---------- Extracted entries ----------
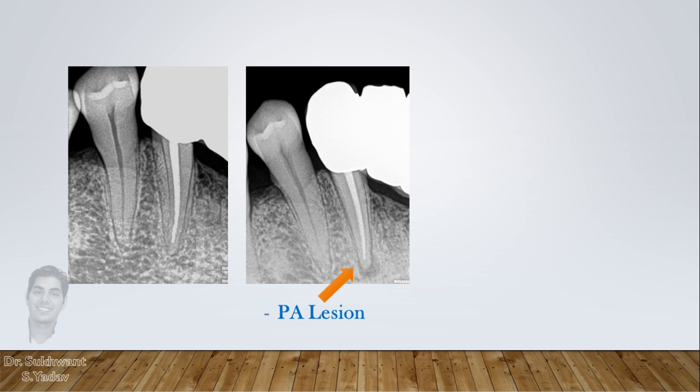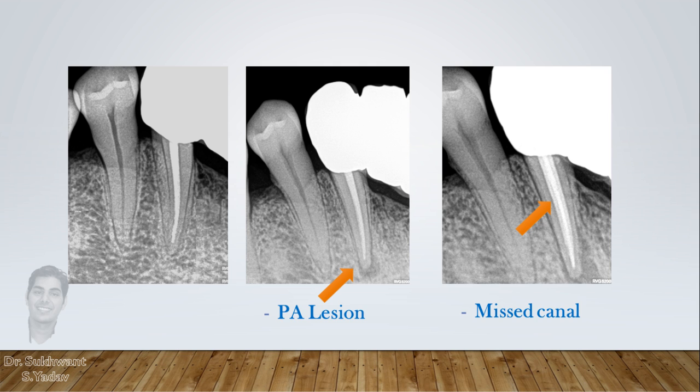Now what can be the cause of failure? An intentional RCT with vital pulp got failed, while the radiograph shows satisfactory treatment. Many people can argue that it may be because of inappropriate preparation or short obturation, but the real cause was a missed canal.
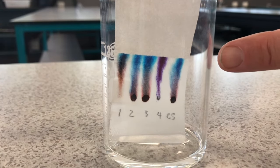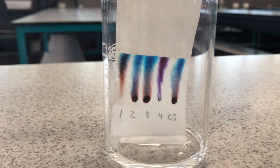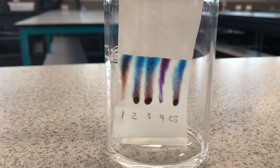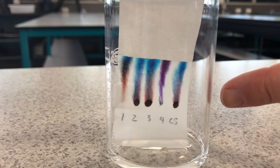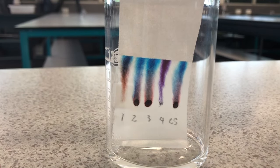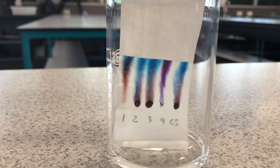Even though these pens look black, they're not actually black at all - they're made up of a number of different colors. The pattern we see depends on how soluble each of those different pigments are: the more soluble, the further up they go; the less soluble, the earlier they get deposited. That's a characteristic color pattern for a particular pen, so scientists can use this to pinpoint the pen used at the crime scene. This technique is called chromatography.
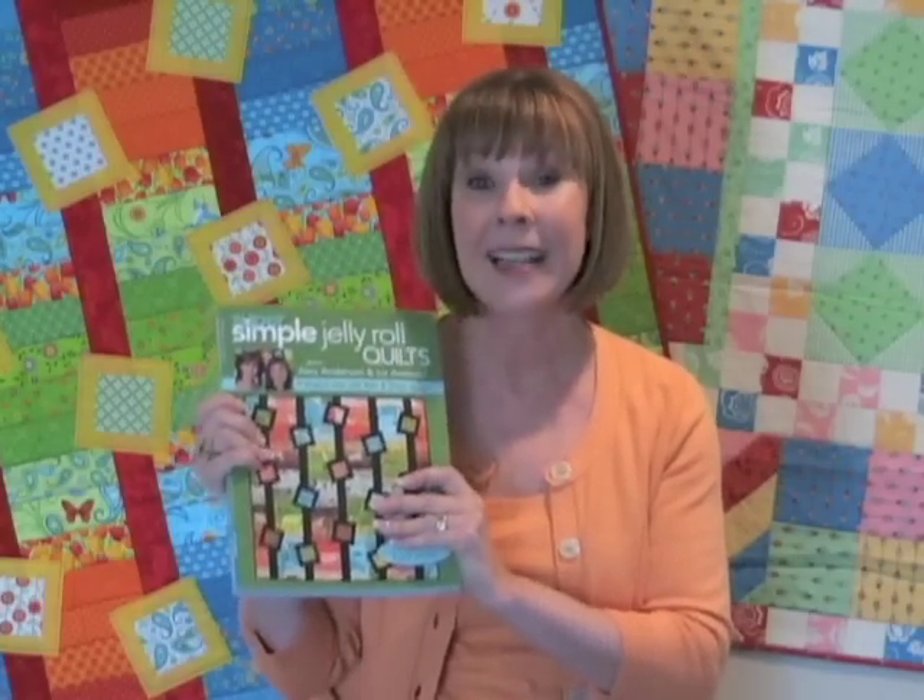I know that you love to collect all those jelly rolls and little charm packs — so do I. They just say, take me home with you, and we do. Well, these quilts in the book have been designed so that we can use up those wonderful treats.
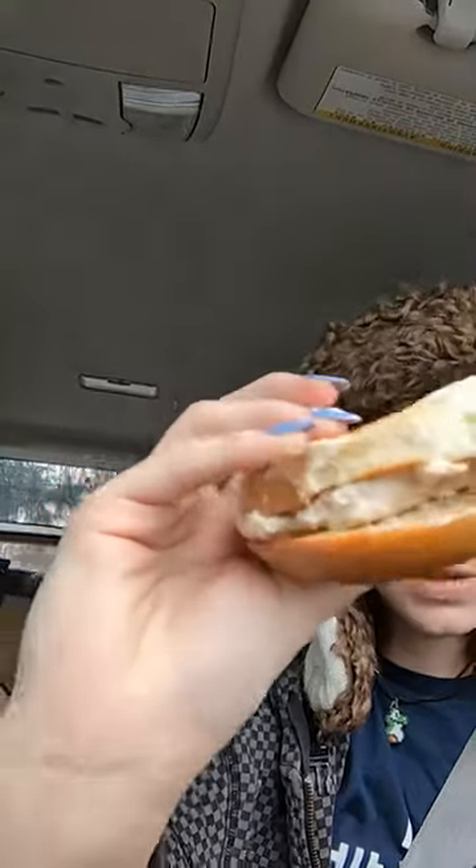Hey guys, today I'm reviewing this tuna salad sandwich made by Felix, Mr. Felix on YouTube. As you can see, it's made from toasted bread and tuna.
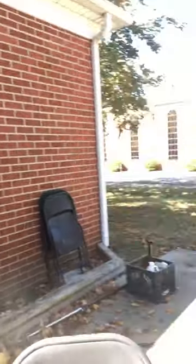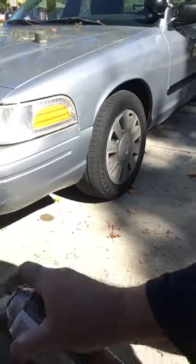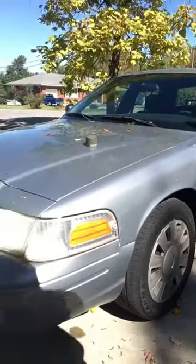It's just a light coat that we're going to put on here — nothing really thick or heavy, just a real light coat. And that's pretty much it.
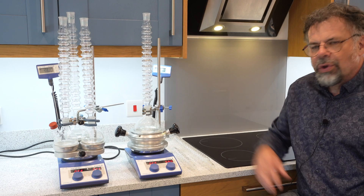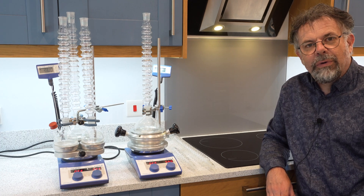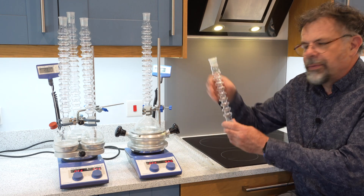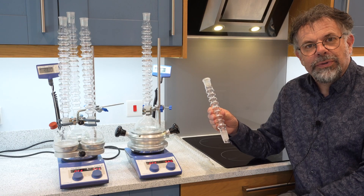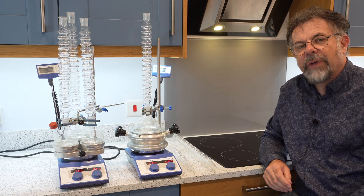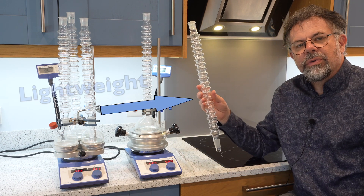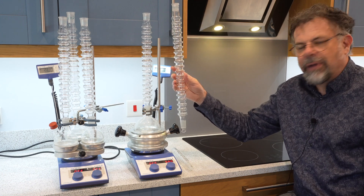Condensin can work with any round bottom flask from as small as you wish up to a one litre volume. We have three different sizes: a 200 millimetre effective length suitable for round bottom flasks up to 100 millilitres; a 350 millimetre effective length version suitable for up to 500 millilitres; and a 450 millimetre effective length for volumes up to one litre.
----------
---------- Extracted entries ----------
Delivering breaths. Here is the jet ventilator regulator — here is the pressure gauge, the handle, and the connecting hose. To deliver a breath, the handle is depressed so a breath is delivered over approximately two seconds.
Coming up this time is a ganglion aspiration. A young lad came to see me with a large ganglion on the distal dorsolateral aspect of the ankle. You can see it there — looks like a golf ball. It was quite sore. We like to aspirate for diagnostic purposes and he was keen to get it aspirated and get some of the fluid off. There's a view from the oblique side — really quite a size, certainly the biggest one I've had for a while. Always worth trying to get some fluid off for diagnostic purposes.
----------
- **What the task requires**
Reproduce exactly, with no pictures, the lines above from the one holding "Now what can" to the one holding "It's just a", inclusive.

- **Exercise solution**
Now what can be the cause of failure? An intentional RCT with vital pulp got failed, while the radiograph shows satisfactory treatment. Many people can argue that it may be because of inappropriate preparation or short obturation, but the real cause was a missed canal.
Even though these pens look black, they're not actually black at all - they're made up of a number of different colors. The pattern we see depends on how soluble each of those different pigments are: the more soluble, the further up they go; the less soluble, the earlier they get deposited. That's a characteristic color pattern for a particular pen, so scientists can use this to pinpoint the pen used at the crime scene. This technique is called chromatography.
I know that you love to collect all those jelly rolls and little charm packs — so do I. They just say, take me home with you, and we do. Well, these quilts in the book have been designed so that we can use up those wonderful treats.
Hey guys, today I'm reviewing this tuna salad sandwich made by Felix, Mr. Felix on YouTube. As you can see, it's made from toasted bread and tuna.
It's just a light coat that we're going to put on here — nothing really thick or heavy, just a real light coat. And that's pretty much it.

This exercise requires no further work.